The neighbor said it appeared to her that Franke ”would leave her kids for days to weeks at a time,” and added, “I didn’t know if they had access to food and care.”

That, combined with the understanding that the children weren’t attending school, the neighbor said, is ultimately why she decided to contact DCFS.

“I was looking for like ... what are the rules here?” the neighbor recalled. That’s when an agency staffer she spoke with first cited Utah’s “free-range parenting” law, she said.

Division of Child and Family Services involvement

Utah in 2018 became the first state in the country to pass a “free-range parenting” law, which changed the state’s definition of child neglect.

The legislation added a section to state code explaining that a child “whose basic needs are met and who is of sufficient age and maturity” can engage in independent activities without it being considered child neglect, such as walking, running or biking to and from school, or being home alone.

The law did not specify what a “sufficient age” is, and only green-lit those independent activities so long as kids were adequately fed, clothed and cared for. Supporters at the time said the legislation was intentionally vague, so police and prosecutors could evaluate possible situations of neglect on a case-by-case basis.

The neighbor said she worried about whether the children were being regularly fed, but she told DCFS that she never saw the children hurt.

But a few days later, the neighbor said, she got a follow-up call from DCFS, after a different neighbor had contacted the agency, reporting that they were also concerned for Franke’s children.

The staffer said it was worrisome that the children were being left by themselves so repeatedly and for so long, but said that it was “not necessarily something we can do something about,” the neighbor said.

Last September, Franke’s oldest daughter, Shari Franke, requested a welfare check to the Springville home because she concerned that her sisters and brother had been left home alone for five days while Franke visited a friend in St. George, police records obtained by The Tribune show.

(Francisco Kjolseth | The Salt Lake Tribune) Shari Franke, 20, the oldest daughter of Kevin and Ruby Franke, and her attorney Jared Hales, leave a child welfare hearing involving her four siblings in Division of Child and Family Service custody on Sept. 18, 2023, in Provo.

When officers arrived, the children would not answer the front door, records show, but police could see through windows that the kids were home and on a phone call with someone before they went upstairs, out of view. At the time, neighbors also told responding officers that Franke often left the children home alone, police records show.

The neighbor who spoke with The Tribune estimated that officers remained in the area for about an hour or two, but the children never answered the door.

As soon as police left, a car pulled up to the house, the neighbor observed. A woman ran up to the home, the children let her in, and they shut the door behind them, the neighbor said.

After that incident, the neighbor said, the Franke home’s blinds were always closed, and what appeared to be paper was placed over the windows. Neighbors also never saw the kids play outside unattended after that, she said.
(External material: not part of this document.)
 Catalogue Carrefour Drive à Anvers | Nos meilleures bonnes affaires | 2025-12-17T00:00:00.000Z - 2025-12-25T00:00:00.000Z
“There’s a general sadness, because we were all like, ‘What the hell just happened?’ We tried to help, and it looked like it got more buttoned up,” the neighbor said.

Sometime around May, the neighbor said, she noticed Franke began taking her youngest kids — the 12-year-old and 10-year old who were hospitalized upon her arrest — with her when she left the house on days-long trips.

The neighbor learned of Franke’s arrest, she said, when police surrounded Franke’s Springville home last month, guns drawn. An officer who spoke to the neighbor asked if she had seen Franke’s two middle children, she said, quoting the officer as saying the two youngest were found in Ivins in “really bad shape.”

“It is incredibly frustrating, and so disappointing, and [I have] a feeling of hopelessness around it,” the neighbor said. “What needed to happen?”